At the end of Hester’s life she is known as a happy, capable, and honorable legend. You know that Hawthorne is presenting the peak of Hester’s redemption when the town debates as to whether or not Hester’s letter can be removed. Hester’s reply to the debate over the removal of her letter is “It lies not in the pleasure of the magistrates to take off this badge…. Were I worthy to be quit of it, it would fall away of its own nature, or be transformed into something that should speak a different purport. (Hawthorne 116) Through this quote, Hester is saying the letter can’t and shall not be removed. Furthermore, that only God’s word and the course of nature can result in the letter vanishing from her bosom, not the townspeople’s words. Hester is an honorable woman even after she passes away. She is remembered and served as a legend. It is said that “As if the dust of the two sleepers had no right to mingle. Yet, one tombstone served for both. ” (Hawthorne 180) This quote summarizes all of societies view on Hester.
Even though Hester had committed infidelity, they still bury her next to her true lover with a shared gravestone. Even in the strictest of all environments, Hester was able to make an exception to Puritan rules and values. Redeeming yourself may take long and require hard work, but if you are committed to turning yourself around, you can. In the beginning of the novel, people are ashamed of Hester’s immorality and they think that her punishment is not nearly as severe as her sin. Society wanted nothing to do with Hester because they saw her as nothing, but a sinner and no longer a Puritan.
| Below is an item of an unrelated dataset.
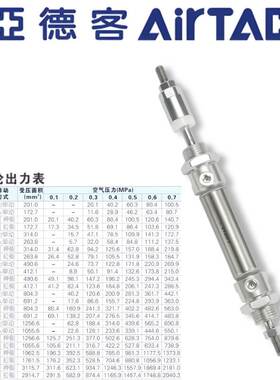 亚德客MA不锈钢迷你气缸MAJ16X25/50/75/100/125/150/175/200/225
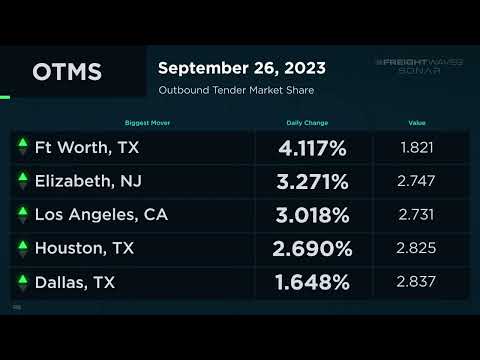 Daily Market Update   September 26, 2023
Throughout the novel, Hester begins to make something of her, beginning with not dwelling on her sin any longer and lifting her chin up high. She commits great acts of kindness for the poor and for the needy to the point where people begin to admire Hester for her acts such caring deeds. All throughout the novel, Hester proves that redeeming yourself is a process. You cannot just apologize for the wrong you have done and be forgiven; you have to take one step at a time. Once you reach the top of the staircase, you have proven you are worthy and capable of being fully redeemed.